053 灰の名で立つ夜
見本卓の空気が変わると、今度は人の口が動き始めた。
「あれが北辺帰りの」
「灰かぶり令嬢、でしたかしら」
聞こえるように落とされた声は、王都らしく薄い笑いに包まれている。
でも前ほどは刺さらなかった。
「便利な呼び名ですね」
近くの貴婦人へ向き直ると、相手は少しだけ目を丸くした。
「灰は、隠したものの輪郭をよく見せますから」
その返しに、周囲の笑いが止む。
嘲りは、受け取る相手が俯いた時だけ形になる。
少し遅れて、父が広間へ現れた。
監察局の押収以来、前より背が低く見える。
でも声だけは昔のままだった。
「リーゼ。今夜は騒ぎに来たのではあるまい」
「ええ。
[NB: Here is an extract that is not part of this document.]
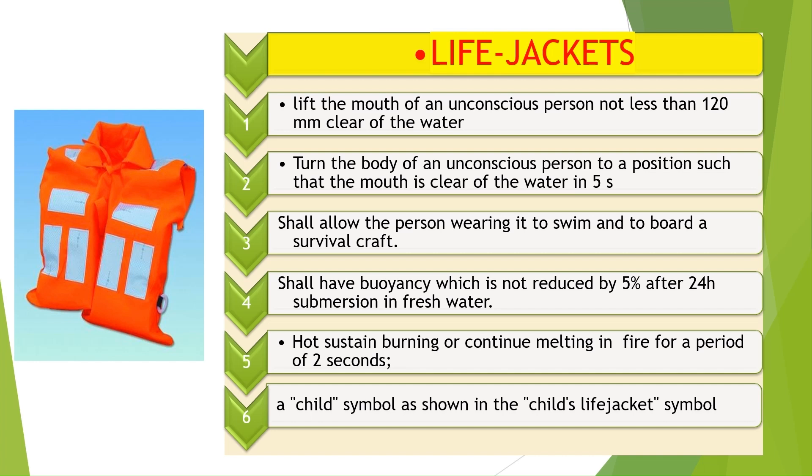Life jackets shall comply with the following. An adult life jacket shall be so constructed that it does not sustain burning or continue melting after being totally enveloped in a fire for a period of 2 seconds. At least 75% of persons completely unfamiliar with a life jacket can correctly don it within 1 minute without assistance. It is comfortable to wear, allows the wearer to jump from a height of 4.5 m into the water without injury and without dislodging or damaging the life jacket, shall have buoyancy not reduced by more than 5% after 24-hour submersion in fresh water, and shall be fitted with a whistle firmly secured by a cord.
置き場を確かめに来ました」
「家名を立てれば済む話だ。北辺の話も、ハルフェン伯爵家の後援として整えられる」
「整える、ですか」
わたしは父の後ろを見た。
セシリアがいた。淡い色の手袋をはめ、指先だけ強く握っている。
その半歩後ろにはドロワもいて、宴客の顔をしているくせに、目だけが紙の行き先を数えていた。
父は声を落とす。
「これ以上、家の恥を晒すな」
「もう家の内側だけで畳める話ではありません」
そこへセシリアが、わたしの横を通るふりで小さな紙片を落とした。
拾って広げる。
『後援覚書 今夜、第二鐘のあと』
署名欄つきの覚書。やはり宴の最後で形にするつもりだ。
「お姉さま」
セシリアはわたしを見ないまま、かすかに言った。
「気をつけて」
家の空気だけを読んでいた頃の声じゃない。
半歩だけでも、外へ出ようとしている声だった。
第二鐘が鳴る。
広間の中央へ新しい紙が運ばれてくる。
王都の夜は、見本卓だけじゃ終わらない。
次は、人まで条件書へ載せる番らしい。